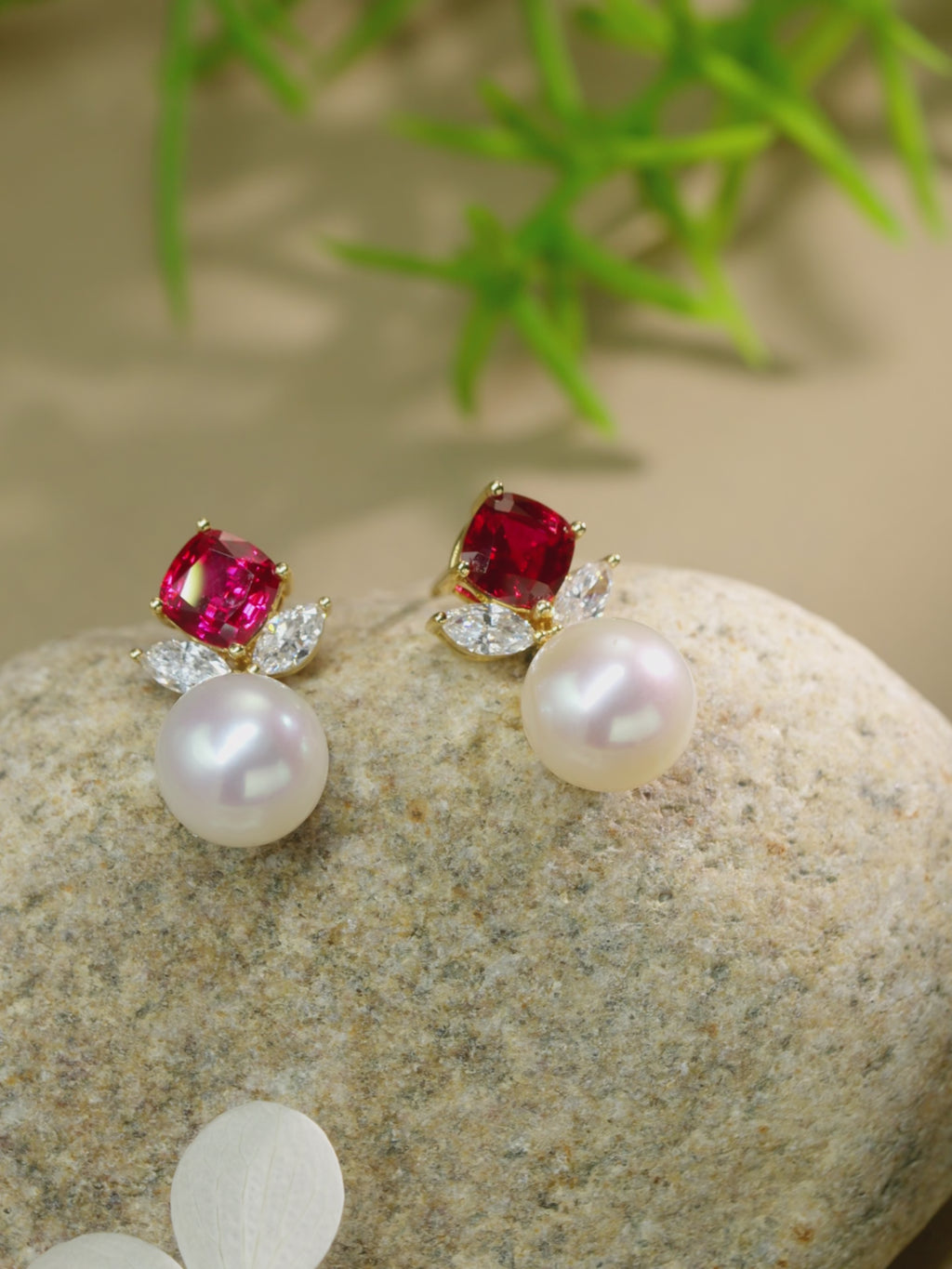 Red gemstone diamond and freshwater pearl drop earrings in 18K yellow gold shown from multiple angles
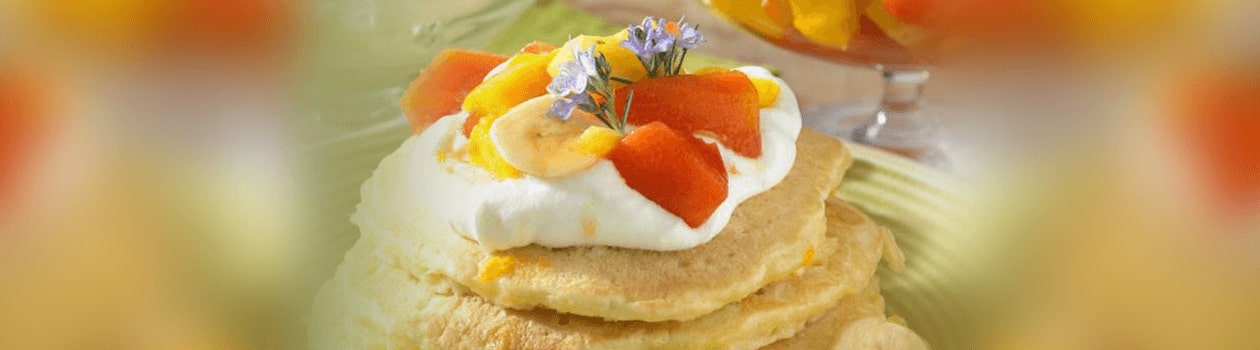 A close-up photograph of a stack of banana pancakes finishes with coconut yoghurt, banana slices, melon slices, and sweet lavendar sprigs.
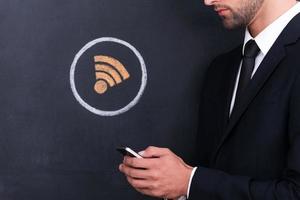 Internet connection. Close-up of young man holding telephone while standing against sharing  symbol chalk drawing on blackboard photo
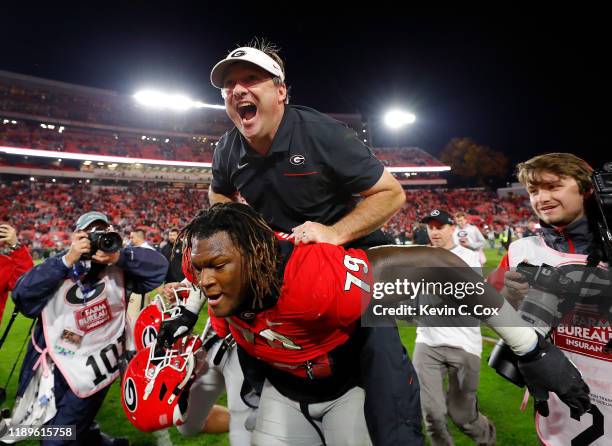 Head coach Kirby Smart of the Georgia Bulldogs leaps on the back of Isaiah Wilson as they celebrate their 19-13 win over the Texas A&M Aggies at...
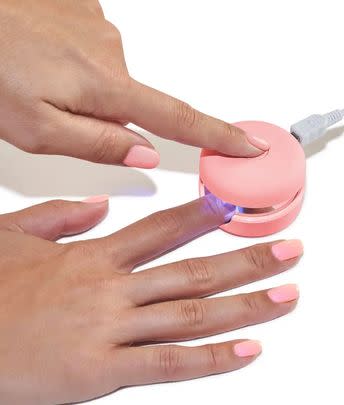 An at-home gel manicure kit with a mini LED lamp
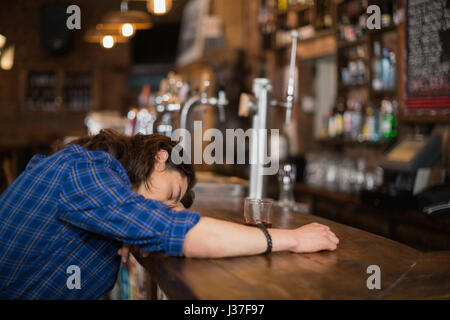 Deprimiert Mann stützte sich auf Zähler im pub Stockfoto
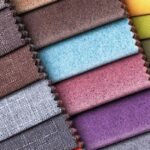 Vintage chair reupholstery fabric swatches showing different textures and durability options for antique furniture restoration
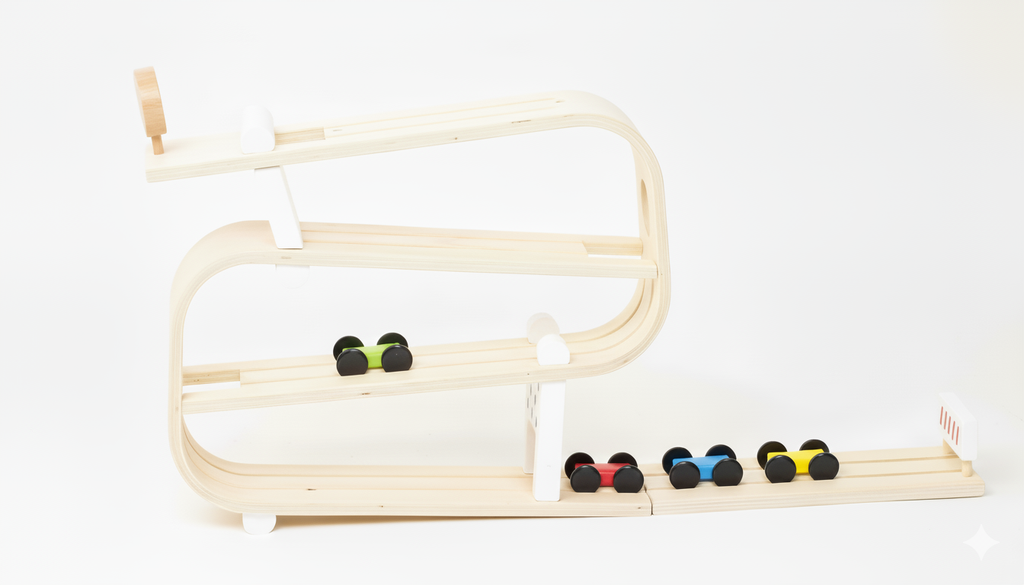 Toddler racing cars down the Avenlur car ramp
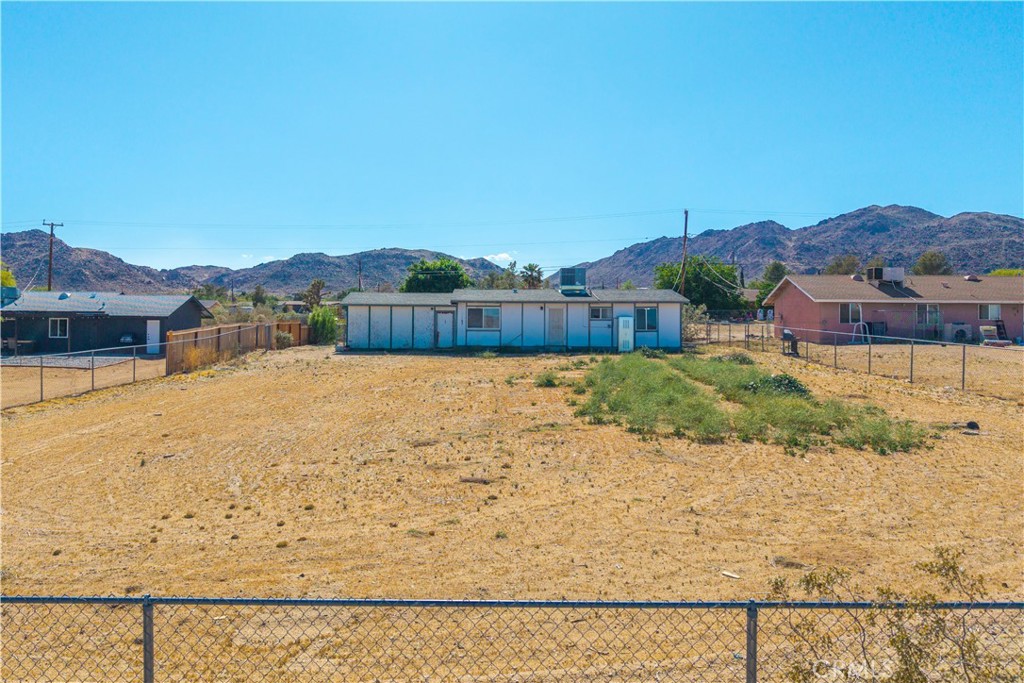 4805 Avenida La Mirada Joshua Tree, CA 92252 - Photo 28 of 38 a view of a lake with a mountain in the background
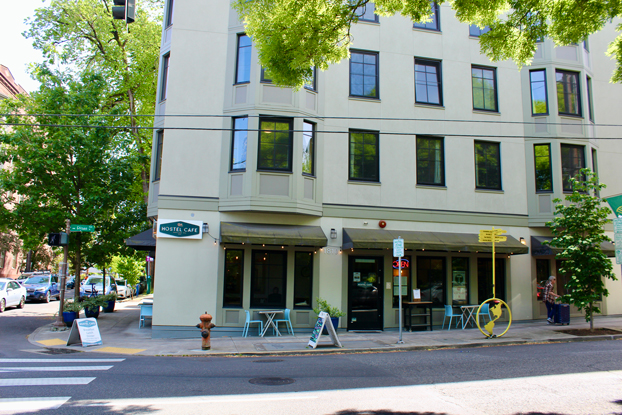 multi story commercial building with cafe seating on ground level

> _WORK TASK_: Omit the pictures. Print, word for word, the lines from the beginning of the entries above through the line that holds "Deprimiert Mann stützte".

> _YOUR RESPONSE_:
 Red gemstone diamond and freshwater pearl drop earrings in 18K yellow gold shown from multiple angles
 A close-up photograph of a stack of banana pancakes finishes with coconut yoghurt, banana slices, melon slices, and sweet lavendar sprigs.
 Internet connection. Close-up of young man holding telephone while standing against sharing  symbol chalk drawing on blackboard photo
 Head coach Kirby Smart of the Georgia Bulldogs leaps on the back of Isaiah Wilson as they celebrate their 19-13 win over the Texas A&M Aggies at...
 An at-home gel manicure kit with a mini LED lamp
 Deprimiert Mann stützte sich auf Zähler im pub Stockfoto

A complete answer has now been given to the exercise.